Nicotero said the graveyard is a pilgrimage destination; it’s where Romero shot the opening scene when a zombie interrupts two siblings as they lay a wreath on their parents’ headstone. Nicotero said he has taken Simon Pegg and Quentin Tarantino there to stand in the famous spot. The farmhouse has long been torn down. “It’s not like Poltergeist, where they moved the headstones; the graveyard is exactly as they left it,” he said.

After the Romero memorial, where his friends recalled the antics on the set and Romero’s eccentric tics – “he would wear a cape to go out with friends, dressed as Zapata from Viva Zapata, and he had no game with the girls” – Nicotero had the idea for the film he will direct. They’ve tied up the necessary rights and are working with Romero’s widow, Suzanne DesRocher-Romero, with Nicotero and Miller producing along with Brian Witten for Monster Agency and M. Riley for Mosaic.
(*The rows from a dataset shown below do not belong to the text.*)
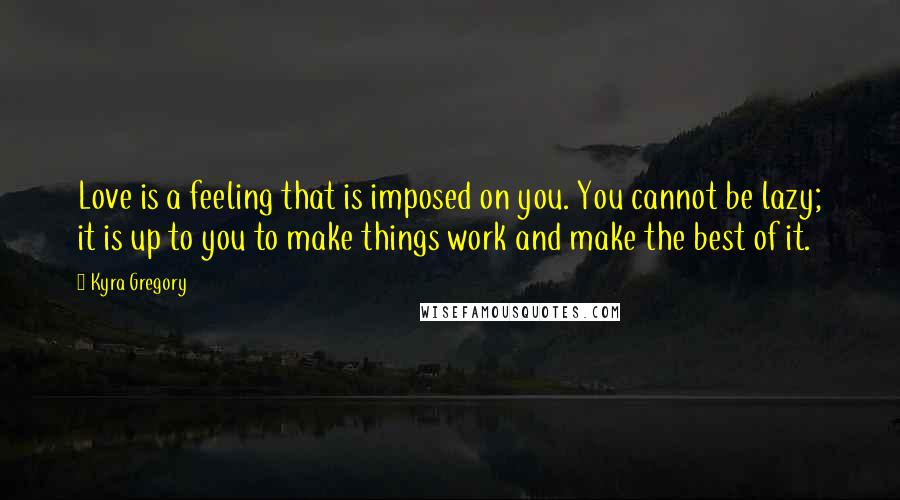 Kyra Gregory Quotes: Love is a feeling that is imposed on you. You cannot be lazy; it is up to you to make things work and make the best of it.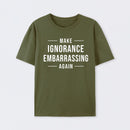 Make Ignorance Embarrassing Again T-Shirt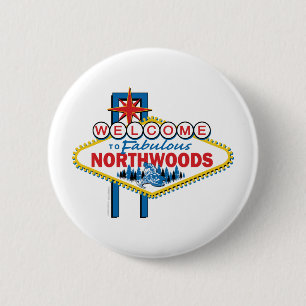 Snowmobiling/Welcome to the Northwoods 6 Cm Round Badge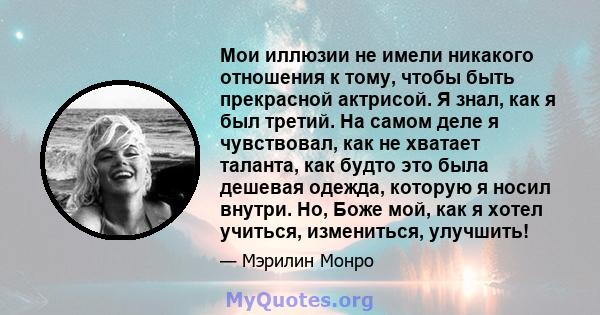 Мои иллюзии не имели никакого отношения к тому, чтобы быть прекрасной актрисой. Я знал, как я был третий. На самом деле я чувствовал, как не хватает таланта, как будто это была дешевая одежда, которую я носил внутри.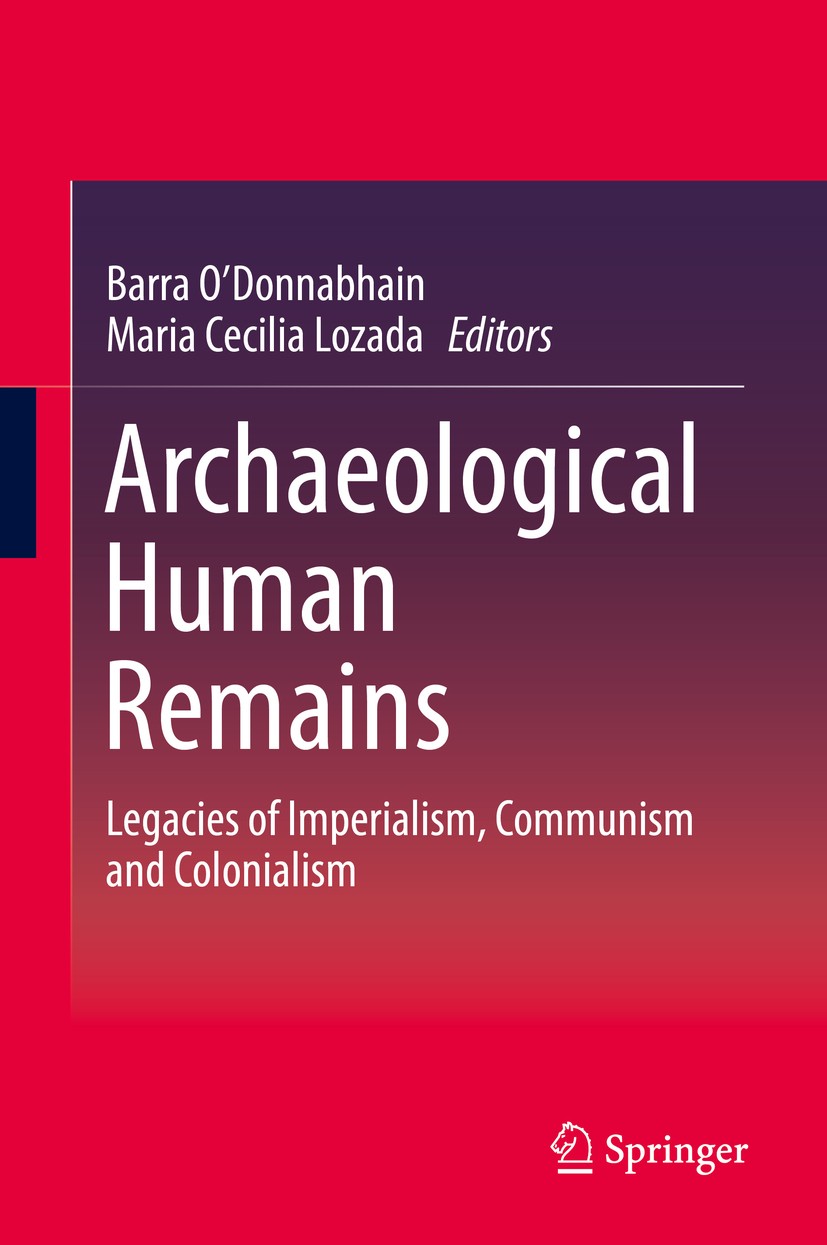 Titlebook: Archaeological Human Remains; Legacies of Imperial Barra O‘Donnabhain,Maria Cecilia Lozada Book 2018 Springer International Publishing AG, Titlebook: Archaeological Human Remains; Legacies of Imperial Barra O‘Donnabhain,Maria Cecilia Lozada Book 2018 Springer International Publishing AG,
They’re going out to writers immediately.

“What I want to do is an Ed Wood-style movie that shows the heart and character of this guy, with the backdrop this Magnificent Seven version of a bunch who had no f*cking idea of what they were doing, getting together to make Night of the Living Dead.”

He’ll shoot the re-created scenes from the original film in black and white but the rest in color, explaining that you have to be able to see things like how they melted chocolate to serve as the blood.
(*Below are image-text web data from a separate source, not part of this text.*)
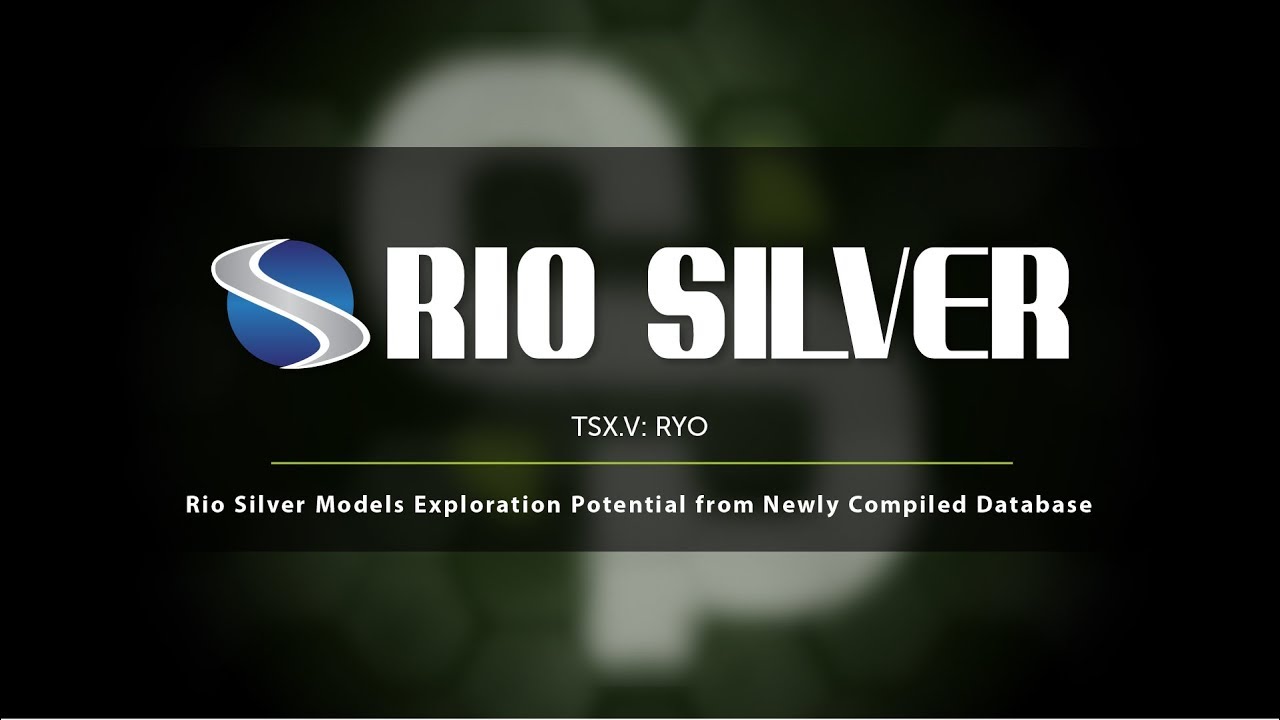 Rio Silver Models Exploration Potential from Newly Compiled Database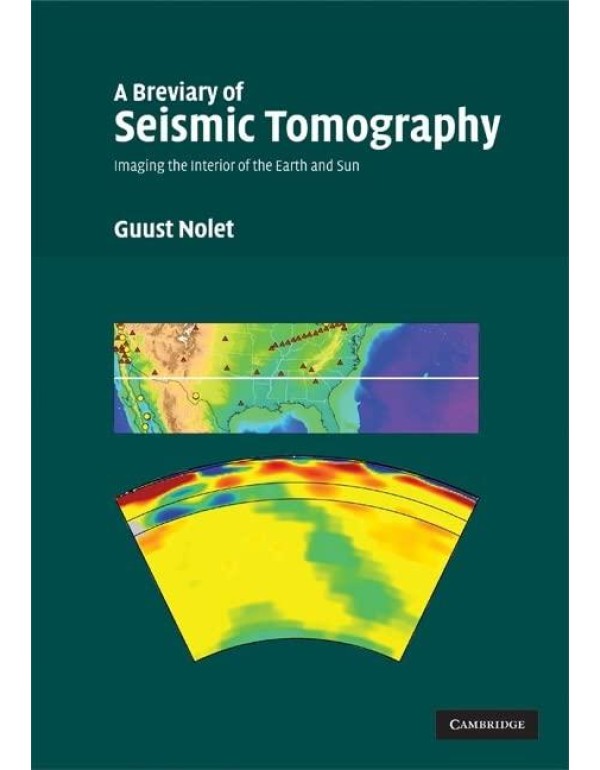 A Breviary of Seismic Tomography: Imaging the Inte...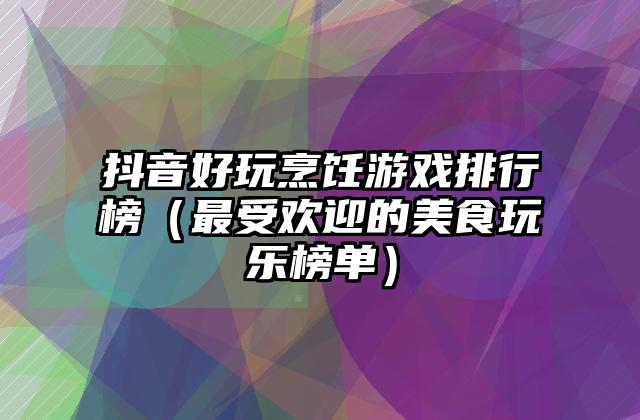 抖音好玩烹饪游戏排行榜（最受欢迎的美食玩乐榜单）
Duane Jones in ‘Night of the Living Dead’ - Credit: Everett
Duane Jones in ‘Night of the Living Dead’ - Credit: Everett

Everett

Aside from being an unsung horror film pioneer, Romero’s experience on his most famous film was painful in the end. Night of the Living Dead grossed $30 million and has netted around $200 million, making it one of the most profitable films in history on that $115,000 budget. Rather than making Romero filthy rich, a mistake left a wide opening for opportunists to ravage his film — kind of like, well, zombies.
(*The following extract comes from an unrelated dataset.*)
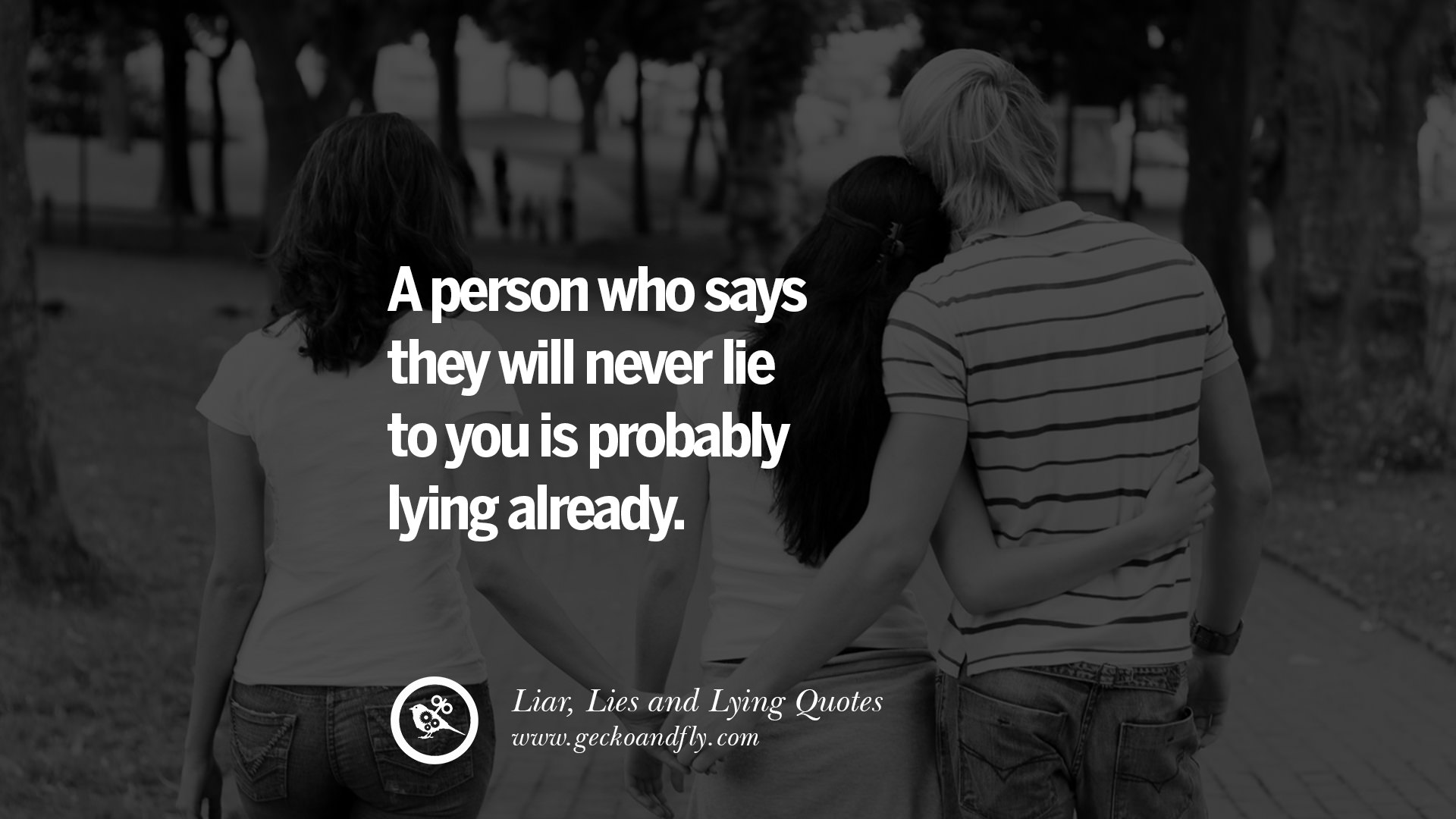 60 Quotes About Liar, Lies and Lying Boyfriend In A Relationship.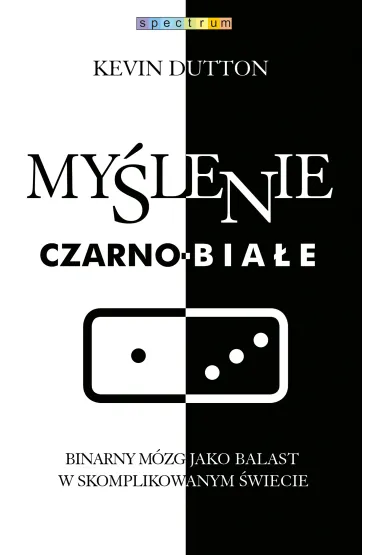 My�lenie czarno-bia�e. Binarny m�zg jako balast w skomplikowanym �wiecie - Kevin Dutton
“Here was the rub,” Nicotero told Deadline. “They changed the title at the last minute. Originally the movie was called Night of the Flesh Eaters, and at the last minute they changed the title to Night of the Living Dead, which they inadvertently left off the copyright. Only after Night of the Living Dead was released did they realize it wasn’t copyrighted, and that’s why there were so many versions of it out there available on DVD. They went to court with the Walter Reade Organization, which left the copyright off. So George’s first foray into the film world was rife with copyright lawsuits, which they lost. I believe that had that been copyrighted, George’s career would have gone in a completely different direction. But he was a slave to a clerical error that cost him millions and millions of dollars.”

From his base in Pittsburgh, Romero continued to mine the zombie and horror genre with his films, and that is where Nicotero met him when he was 15. He broke in when he learned genre makeup from Romero’s collaborator Tom Savini and veered from plans to study to be a doctor for a different kind of slice-and-dice game. Nicotero worked on many of Romero’s films, including the 1985 zombie sequel Day of the Dead. He said Romero refused to leave his home base for Hollywood, and didn’t often bristle that a cottage industry was created by the zombie genre he more or less created. But sometime he did.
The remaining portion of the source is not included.